== Segment start ==
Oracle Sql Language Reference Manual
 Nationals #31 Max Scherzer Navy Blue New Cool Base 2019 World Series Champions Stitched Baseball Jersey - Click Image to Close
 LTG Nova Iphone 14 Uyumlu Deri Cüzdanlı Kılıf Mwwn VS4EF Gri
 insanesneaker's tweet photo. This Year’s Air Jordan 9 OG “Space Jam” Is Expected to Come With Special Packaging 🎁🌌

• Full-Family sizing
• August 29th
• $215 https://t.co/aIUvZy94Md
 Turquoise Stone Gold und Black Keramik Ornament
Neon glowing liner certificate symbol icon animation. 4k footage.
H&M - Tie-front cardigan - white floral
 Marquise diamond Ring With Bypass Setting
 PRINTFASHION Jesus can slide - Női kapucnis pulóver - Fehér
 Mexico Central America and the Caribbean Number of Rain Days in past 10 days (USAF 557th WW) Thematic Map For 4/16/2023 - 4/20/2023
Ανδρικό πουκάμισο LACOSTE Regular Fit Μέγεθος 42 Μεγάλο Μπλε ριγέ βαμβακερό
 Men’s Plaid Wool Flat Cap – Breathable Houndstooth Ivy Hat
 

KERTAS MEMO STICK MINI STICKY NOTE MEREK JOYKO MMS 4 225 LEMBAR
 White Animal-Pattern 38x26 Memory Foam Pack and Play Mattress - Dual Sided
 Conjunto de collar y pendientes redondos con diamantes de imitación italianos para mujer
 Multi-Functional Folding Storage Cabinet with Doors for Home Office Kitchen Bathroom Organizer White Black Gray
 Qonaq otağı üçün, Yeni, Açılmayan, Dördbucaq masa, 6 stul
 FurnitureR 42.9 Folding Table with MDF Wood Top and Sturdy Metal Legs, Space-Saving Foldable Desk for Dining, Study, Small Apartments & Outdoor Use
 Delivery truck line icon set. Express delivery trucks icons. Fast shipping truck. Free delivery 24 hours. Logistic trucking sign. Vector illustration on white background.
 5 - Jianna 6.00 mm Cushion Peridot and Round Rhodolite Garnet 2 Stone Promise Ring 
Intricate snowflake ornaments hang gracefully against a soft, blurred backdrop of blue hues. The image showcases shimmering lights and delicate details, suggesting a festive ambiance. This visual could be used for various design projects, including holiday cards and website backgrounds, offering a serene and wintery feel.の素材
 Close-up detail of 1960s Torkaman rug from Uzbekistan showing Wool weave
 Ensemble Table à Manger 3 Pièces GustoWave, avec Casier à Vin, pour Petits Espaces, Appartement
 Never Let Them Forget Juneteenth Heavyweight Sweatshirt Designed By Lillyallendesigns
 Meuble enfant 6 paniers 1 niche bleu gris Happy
== Segment end ==
### Action item
Return, without any change, only the lines from the one containing "Ensemble Table à" through the last line of the entries above.

### Answer space
 Ensemble Table à Manger 3 Pièces GustoWave, avec Casier à Vin, pour Petits Espaces, Appartement
 Never Let Them Forget Juneteenth Heavyweight Sweatshirt Designed By Lillyallendesigns
 Meuble enfant 6 paniers 1 niche bleu gris Happy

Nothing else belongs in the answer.